One of the central issues over which Calvinists and Arminians disagree, and of which there seems to be great misunderstanding, is that of where one should begin doing theology or the central proposition from which the rest of our respective theologies stem. Arminians often think Calvinists are committed primarily to a certain understanding of predestination. This, however, is not the fundamental commitment of Calvinists. Instead, Calvinists are first and foremost committed to the ultimate sovereignty of God in salvation. They are attempting to guard against the possibility of the glorious work of God in salvation being attributed to some form of human effort which, they think, is a consequence of Arminian theology. Their understanding of unconditional election, predestination, etc. flows out of this basic commitment to the meticulous sovereignty of God in salvation.

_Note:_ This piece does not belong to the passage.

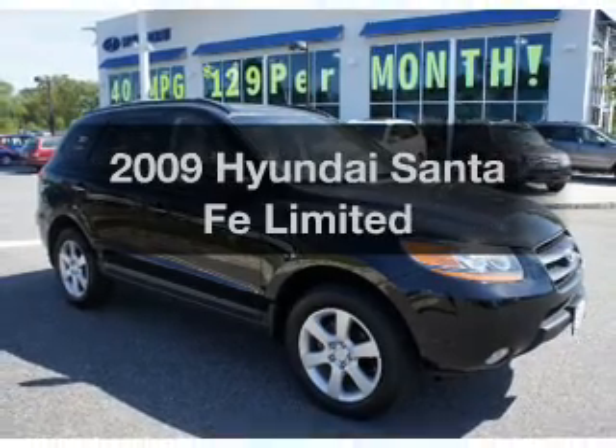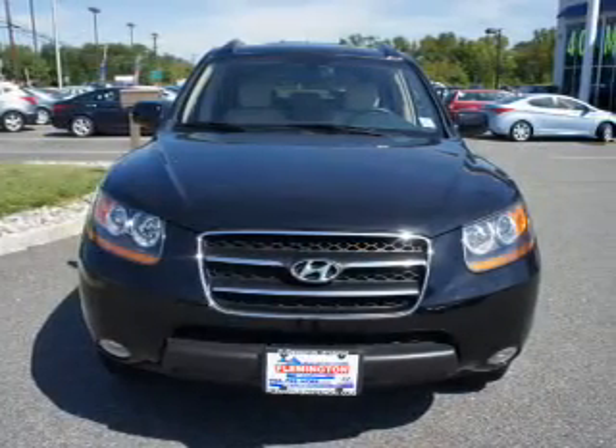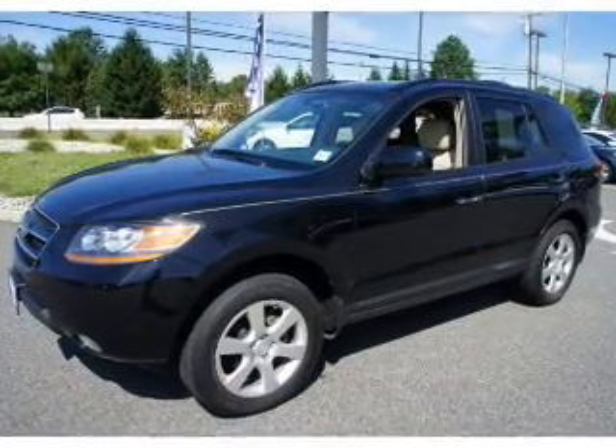Imagine yourself in this 2009 Hyundai Santa Fe. Travel the roads in style and comfort in this great vehicle, with a solid 6-cylinder engine connected to a smooth shifting 5-speed automatic transmission.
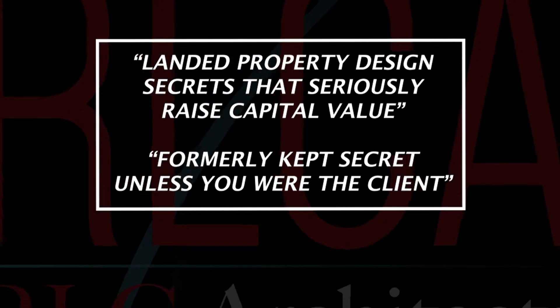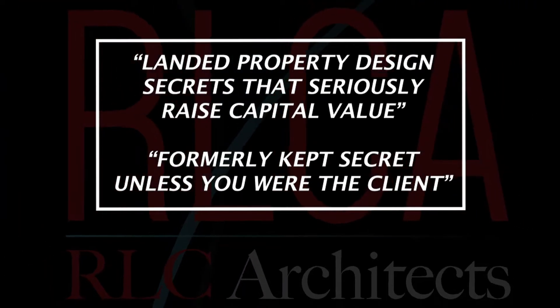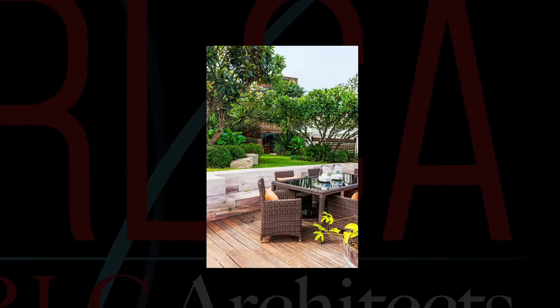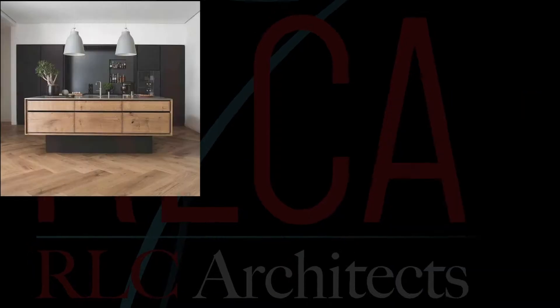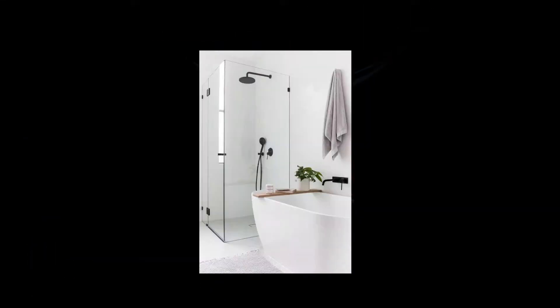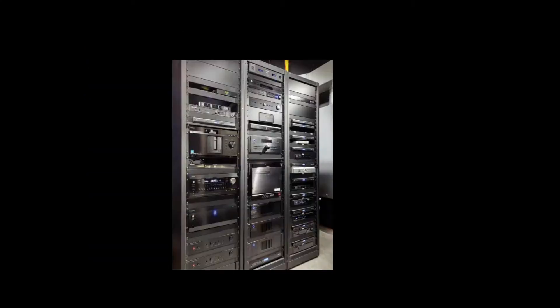Landed property design secrets that seriously raise capital value — formerly kept secrets unless you were the client. Architect Raymond Lee Chen shares expert secrets on landed property design that raise capital value while incorporating your unique lifestyle spaces, so that when you are ready to sell, your inherent value is already locked in from the day you renovate or reconstruct.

In contrast, it is often thought that Arminians are primarily committed to the freedom of the human will. This, though, is not the case. Classical and faithful Arminians do not actually affirm that humans have any natural freedom of the will. Instead, with the Calvinists, we affirm that the will is in bondage to sin. The fundamental issue and the starting point for our theology is the character of God. We believe that the concept of unconditional election necessarily implies the coordinate doctrine of unconditional reprobation. Such an implication, we claim, impugns the character of God by making him the author of evil. Thus, our fundamental commitment is to upholding and defending the character of God which only then leads to our understanding of the will as having been freed and enabled by grace to respond to the offer of salvation freely by faith.
These commitment are at the heart of the debate. The Calvinist/Arminian dialogue will be more fruitful if we understand these central convictions rather than arguing against inaccurate perceptions of the other side.